Можете ли вы поверить, что Патрик починил генератор? По словам Терри, он поднялся по лестнице, чтобы проверять ветрогенератор, и спустился, бормоча какую-то несусветицу про валы, лопасти и тормоз. Затем, к большому огорчению Майка, он взял несколько сломанных частей от забора и старые полозья для саней и починил эту штуку. Теперь у нас снова достаточно электроэнергии. Это значит, что Дитрих может слушать столько компакт-дисков, сколько захочет, Терри может пользоваться компьютером так долго, как хочет, а я могу пить столько чая, сколько в меня влезет. Чувствую себя лучше от одной мысли об этом.
– Странно, не правда ли, что мой внук, у которого нет высшего образования, может починить генератор, а вы, со всей вашей подготовкой, не смогли, – сказала я Майку.
– Он удивил всех нас, – угрюмо произнес Майк. – Но в свою защиту скажу, что я мастер в биохимии, Вероника, а не в механике.
Браво, Патрик!
Я задаюсь вопросом, есть ли что-то особенное в генах Маккриди: дух предприимчивости, потребность расширять свои границы. Я испытала такую потребность несколько раз за жизнь: например, когда приехала в Антарктиду.
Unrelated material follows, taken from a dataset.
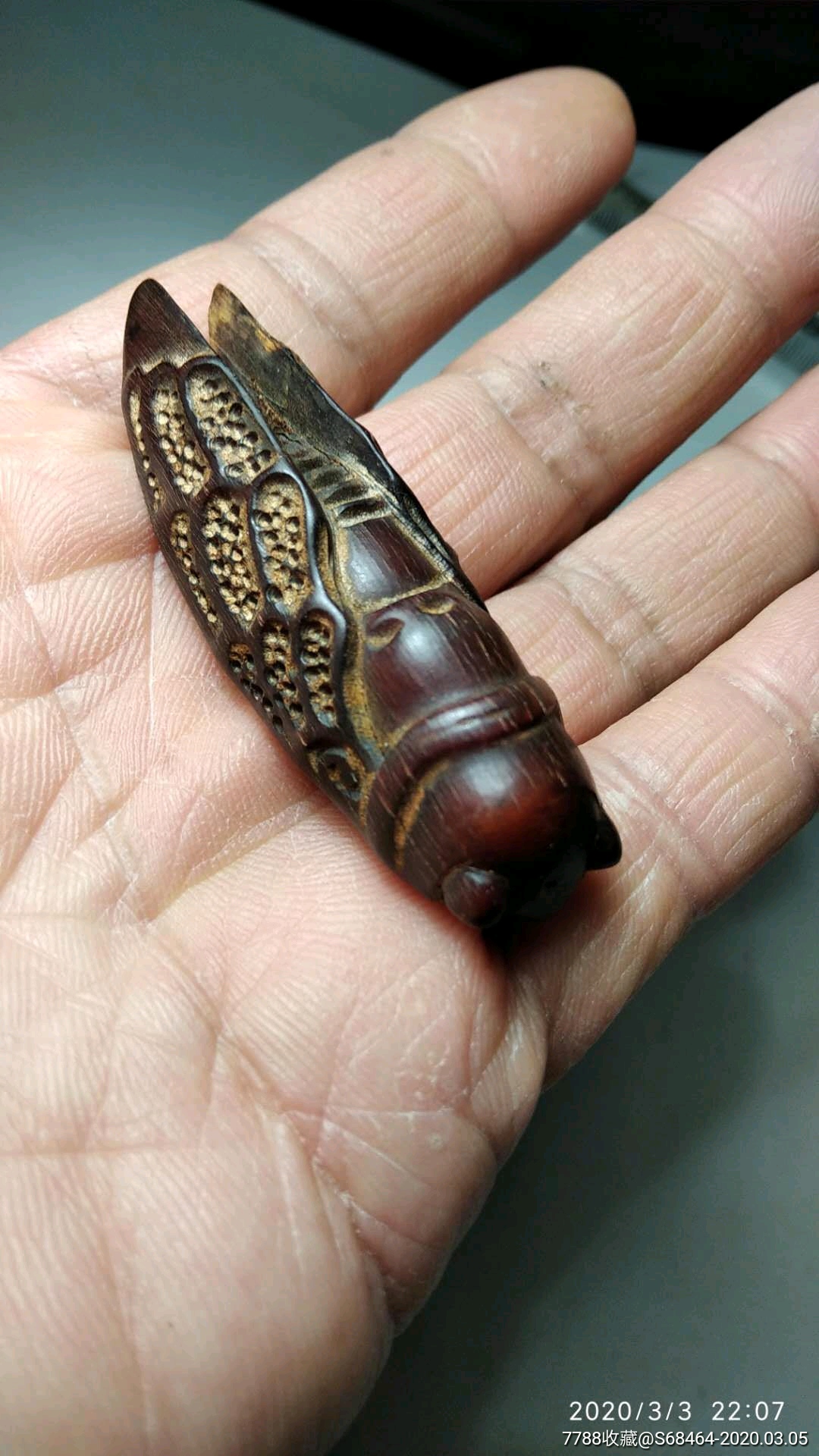 纯牛角全手工雕刻枣红色知了一鸣惊人手把件一个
Из того, что я знаю о жизни моего сына, а знаю я не так много, можно судить, что он тоже был таким. Его приемная кузина сказала мне в письме, что мой Энцо (также известный как Джо) был упрямым и никогда не признавал, что чего-то не может. Он любил устраивать себе испытания и любил дикие места, поэтому и стал альпинистом. Патрик же продемонстрировал эту черту характера, когда приехал сюда и когда полез на ветрогенератор, чтобы его починить.
Признаюсь, я действительно горжусь им.
Теперь, когда я снова могу разговаривать, есть вопрос, который мне хотелось бы обсудить со своим внуком.
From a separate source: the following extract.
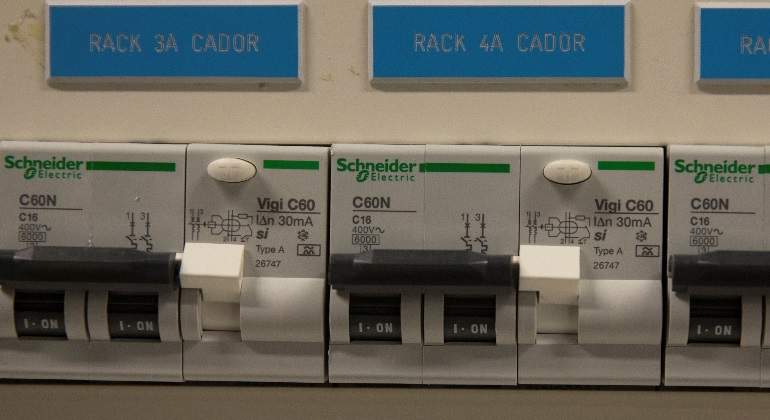 schneider-electric-fusibles-reuters-770x420.jpg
– Патрик, ты говоришь, что ничего не помнишь о своем отце?
Он качает головой.
– Нет. Совсем ничего. А ты?
– Я помню, как меняла ему подгузники.
И я помню, каким он был на ощупь: таким теплым, как он прижимался ко мне своими крошечными ручками, мой любимый маленький комочек надежды.
– Я знаю, что ты не отдавала его. Знаю, что его забрали у тебя, не спросив, – заявляет Патрик.
Ну, вообще-то я думала, что это очевидно. Если бы кого-то хоть немного интересовало мое мнение, все сложилось бы совсем иначе. На секунду мне приходит безумная мысль – не открыть ли медальон и не показать ли Патрику прядь волос с головы его отца, но я просто не могу этого сделать. По крайней мере, пока не могу. Это было бы слишком. Я успокаиваю себя тем, что Патрик читал мои дневники. Он знает, как сильно я любила Энцо.
Вообще-то он знает обо мне почти все, а вот я знаю о нем очень мало.
– Твоя мать?… – начинаю я.
– Покончила с собой, когда мне было шесть.
– О.
Мне так жаль узнать об этом. Какая трагедия, что человеку приходится зайти так далеко, особенно когда у многих жизнь отнимают без спроса и выбора. И оставить маленького мальчика одного на свете кажется мне таким неправильным. Но я понимаю, что мой Энцо тоже бросил малышка Патрика. Своего собственного сына. Почему он сделал это?
– Ты не помнишь, когда ты был маленьким, твоя мать когда-нибудь говорила о твоем отце? – спрашиваю я.